TASK GOAL -
Write the entries out exactly, with the final line being the one containing "239 West 13th".

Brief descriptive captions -
==*==
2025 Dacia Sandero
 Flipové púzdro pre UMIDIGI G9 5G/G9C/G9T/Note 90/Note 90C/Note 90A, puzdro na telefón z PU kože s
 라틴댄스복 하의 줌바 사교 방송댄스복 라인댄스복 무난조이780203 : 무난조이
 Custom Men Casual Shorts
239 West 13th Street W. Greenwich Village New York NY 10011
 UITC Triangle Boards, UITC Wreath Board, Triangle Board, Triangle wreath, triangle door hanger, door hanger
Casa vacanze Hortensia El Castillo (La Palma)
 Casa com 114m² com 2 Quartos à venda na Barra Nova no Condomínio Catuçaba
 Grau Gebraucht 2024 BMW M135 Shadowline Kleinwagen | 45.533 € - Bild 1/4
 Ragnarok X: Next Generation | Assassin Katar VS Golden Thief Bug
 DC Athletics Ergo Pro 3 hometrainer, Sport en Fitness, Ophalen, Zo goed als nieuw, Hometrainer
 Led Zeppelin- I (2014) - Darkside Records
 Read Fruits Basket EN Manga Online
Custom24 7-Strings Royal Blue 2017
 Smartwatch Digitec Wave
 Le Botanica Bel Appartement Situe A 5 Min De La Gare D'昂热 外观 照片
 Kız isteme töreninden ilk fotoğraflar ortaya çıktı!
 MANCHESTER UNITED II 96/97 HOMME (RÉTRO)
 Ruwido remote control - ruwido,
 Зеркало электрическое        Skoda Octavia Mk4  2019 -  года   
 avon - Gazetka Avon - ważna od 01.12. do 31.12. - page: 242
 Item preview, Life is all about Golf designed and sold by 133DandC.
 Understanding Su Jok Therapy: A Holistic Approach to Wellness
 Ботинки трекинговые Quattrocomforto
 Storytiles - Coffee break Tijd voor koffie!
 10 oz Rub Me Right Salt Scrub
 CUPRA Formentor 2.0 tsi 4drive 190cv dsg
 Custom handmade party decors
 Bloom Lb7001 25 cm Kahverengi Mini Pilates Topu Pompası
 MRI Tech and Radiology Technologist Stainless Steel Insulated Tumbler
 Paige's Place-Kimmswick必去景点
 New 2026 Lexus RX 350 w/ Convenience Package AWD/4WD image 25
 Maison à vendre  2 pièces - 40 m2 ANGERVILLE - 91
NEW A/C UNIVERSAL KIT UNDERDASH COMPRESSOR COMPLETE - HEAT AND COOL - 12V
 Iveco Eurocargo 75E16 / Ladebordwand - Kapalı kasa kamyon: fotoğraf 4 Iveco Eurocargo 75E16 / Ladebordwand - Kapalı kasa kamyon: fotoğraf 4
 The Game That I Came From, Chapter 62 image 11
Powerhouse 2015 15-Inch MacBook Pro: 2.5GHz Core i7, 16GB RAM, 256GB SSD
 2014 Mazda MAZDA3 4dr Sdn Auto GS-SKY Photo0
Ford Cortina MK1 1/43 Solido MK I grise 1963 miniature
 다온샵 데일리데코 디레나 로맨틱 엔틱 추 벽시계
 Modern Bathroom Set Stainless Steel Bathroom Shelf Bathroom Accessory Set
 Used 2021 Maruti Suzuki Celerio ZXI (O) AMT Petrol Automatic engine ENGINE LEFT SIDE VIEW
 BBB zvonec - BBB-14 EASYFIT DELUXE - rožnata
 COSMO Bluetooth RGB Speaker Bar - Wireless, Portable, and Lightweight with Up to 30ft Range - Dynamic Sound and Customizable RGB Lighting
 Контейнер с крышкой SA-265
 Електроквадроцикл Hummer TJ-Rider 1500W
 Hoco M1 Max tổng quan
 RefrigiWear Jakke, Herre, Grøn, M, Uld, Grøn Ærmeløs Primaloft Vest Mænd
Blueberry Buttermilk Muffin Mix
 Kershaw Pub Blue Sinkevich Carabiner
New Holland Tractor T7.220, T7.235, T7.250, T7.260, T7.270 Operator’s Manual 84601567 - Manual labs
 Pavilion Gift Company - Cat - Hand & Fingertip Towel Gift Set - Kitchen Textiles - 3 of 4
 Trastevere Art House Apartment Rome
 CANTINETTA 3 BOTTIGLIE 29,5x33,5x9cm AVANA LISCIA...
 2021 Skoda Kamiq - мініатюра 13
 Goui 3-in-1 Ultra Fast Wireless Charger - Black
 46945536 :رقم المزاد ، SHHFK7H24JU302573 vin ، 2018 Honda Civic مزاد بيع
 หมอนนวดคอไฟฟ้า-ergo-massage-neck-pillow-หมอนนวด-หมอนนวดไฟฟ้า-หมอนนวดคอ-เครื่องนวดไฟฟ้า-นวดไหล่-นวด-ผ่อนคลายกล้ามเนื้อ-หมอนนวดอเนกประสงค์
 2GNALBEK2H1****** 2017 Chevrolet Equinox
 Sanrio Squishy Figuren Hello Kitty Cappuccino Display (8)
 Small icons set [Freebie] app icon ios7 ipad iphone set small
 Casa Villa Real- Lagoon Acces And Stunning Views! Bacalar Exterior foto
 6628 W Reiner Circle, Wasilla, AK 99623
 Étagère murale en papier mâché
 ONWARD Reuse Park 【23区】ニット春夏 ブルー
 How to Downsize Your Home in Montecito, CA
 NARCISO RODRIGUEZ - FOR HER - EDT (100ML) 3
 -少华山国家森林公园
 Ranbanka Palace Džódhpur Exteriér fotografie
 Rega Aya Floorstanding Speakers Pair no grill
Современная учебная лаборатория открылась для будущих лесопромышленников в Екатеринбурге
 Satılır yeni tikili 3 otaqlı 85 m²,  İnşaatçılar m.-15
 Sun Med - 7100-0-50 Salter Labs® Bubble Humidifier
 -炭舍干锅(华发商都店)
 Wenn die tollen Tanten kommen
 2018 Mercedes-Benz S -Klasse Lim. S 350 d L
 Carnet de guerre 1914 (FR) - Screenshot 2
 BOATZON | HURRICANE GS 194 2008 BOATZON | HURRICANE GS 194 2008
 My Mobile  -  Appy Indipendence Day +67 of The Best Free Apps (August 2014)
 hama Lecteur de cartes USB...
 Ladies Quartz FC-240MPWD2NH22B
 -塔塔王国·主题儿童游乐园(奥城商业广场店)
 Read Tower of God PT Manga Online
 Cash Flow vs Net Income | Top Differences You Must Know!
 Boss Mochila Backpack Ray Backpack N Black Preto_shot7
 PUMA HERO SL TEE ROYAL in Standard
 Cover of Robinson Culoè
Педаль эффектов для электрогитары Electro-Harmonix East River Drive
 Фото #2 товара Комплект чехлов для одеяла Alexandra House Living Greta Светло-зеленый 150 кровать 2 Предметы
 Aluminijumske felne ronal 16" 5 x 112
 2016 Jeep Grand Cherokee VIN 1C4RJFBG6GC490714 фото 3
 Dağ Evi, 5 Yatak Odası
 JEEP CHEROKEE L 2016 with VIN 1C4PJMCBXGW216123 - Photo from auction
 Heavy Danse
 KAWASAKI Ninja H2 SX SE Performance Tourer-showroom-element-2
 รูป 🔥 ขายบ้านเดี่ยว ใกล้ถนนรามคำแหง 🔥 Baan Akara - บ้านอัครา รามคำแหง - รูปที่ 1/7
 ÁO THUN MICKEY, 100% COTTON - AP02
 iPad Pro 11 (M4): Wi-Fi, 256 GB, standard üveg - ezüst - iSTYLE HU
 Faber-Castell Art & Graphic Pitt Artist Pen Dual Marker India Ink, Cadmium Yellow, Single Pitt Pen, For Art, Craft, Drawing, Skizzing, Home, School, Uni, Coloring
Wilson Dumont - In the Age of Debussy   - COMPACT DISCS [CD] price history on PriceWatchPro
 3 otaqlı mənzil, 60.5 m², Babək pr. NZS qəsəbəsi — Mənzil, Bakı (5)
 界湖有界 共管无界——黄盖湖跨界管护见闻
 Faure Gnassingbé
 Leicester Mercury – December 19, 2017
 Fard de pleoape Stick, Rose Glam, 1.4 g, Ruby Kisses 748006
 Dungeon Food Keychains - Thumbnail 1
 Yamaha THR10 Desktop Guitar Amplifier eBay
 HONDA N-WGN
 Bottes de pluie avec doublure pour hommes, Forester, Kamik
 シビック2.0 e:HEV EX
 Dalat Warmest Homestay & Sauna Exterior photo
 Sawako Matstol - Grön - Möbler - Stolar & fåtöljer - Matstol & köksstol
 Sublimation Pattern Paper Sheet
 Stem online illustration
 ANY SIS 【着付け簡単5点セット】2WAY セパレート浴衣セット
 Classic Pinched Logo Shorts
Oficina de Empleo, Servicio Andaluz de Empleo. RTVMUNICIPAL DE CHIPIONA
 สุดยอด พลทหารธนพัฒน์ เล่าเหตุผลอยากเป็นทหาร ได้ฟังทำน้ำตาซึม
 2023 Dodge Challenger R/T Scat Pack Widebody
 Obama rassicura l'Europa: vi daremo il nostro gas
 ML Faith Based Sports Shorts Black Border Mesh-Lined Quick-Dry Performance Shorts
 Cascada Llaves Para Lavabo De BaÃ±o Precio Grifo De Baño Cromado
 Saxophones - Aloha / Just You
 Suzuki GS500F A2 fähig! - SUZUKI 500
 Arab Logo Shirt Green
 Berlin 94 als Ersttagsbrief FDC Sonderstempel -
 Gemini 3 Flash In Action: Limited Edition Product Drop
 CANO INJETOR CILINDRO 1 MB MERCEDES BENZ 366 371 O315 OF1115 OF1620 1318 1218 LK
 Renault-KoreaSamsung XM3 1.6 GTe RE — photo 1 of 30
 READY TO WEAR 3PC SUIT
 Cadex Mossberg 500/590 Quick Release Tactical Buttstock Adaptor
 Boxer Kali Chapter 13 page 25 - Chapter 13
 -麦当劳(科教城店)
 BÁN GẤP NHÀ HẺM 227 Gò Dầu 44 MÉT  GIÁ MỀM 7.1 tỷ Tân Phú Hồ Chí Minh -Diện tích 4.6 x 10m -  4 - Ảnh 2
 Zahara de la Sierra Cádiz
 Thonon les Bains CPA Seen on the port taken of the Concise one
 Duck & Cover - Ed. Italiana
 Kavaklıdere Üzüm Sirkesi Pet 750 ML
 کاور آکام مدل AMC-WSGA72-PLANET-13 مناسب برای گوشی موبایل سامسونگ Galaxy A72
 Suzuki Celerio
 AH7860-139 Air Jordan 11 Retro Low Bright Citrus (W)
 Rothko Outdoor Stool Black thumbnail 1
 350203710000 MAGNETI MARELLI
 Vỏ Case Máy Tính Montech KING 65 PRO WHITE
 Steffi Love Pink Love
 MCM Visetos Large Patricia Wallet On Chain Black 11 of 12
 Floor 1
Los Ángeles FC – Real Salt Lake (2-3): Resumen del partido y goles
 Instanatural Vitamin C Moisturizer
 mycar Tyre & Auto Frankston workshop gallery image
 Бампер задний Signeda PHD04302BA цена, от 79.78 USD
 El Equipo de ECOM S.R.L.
==*==
RESPONSE -
2025 Dacia Sandero
 Flipové púzdro pre UMIDIGI G9 5G/G9C/G9T/Note 90/Note 90C/Note 90A, puzdro na telefón z PU kože s
 라틴댄스복 하의 줌바 사교 방송댄스복 라인댄스복 무난조이780203 : 무난조이
 Custom Men Casual Shorts
239 West 13th Street W. Greenwich Village New York NY 10011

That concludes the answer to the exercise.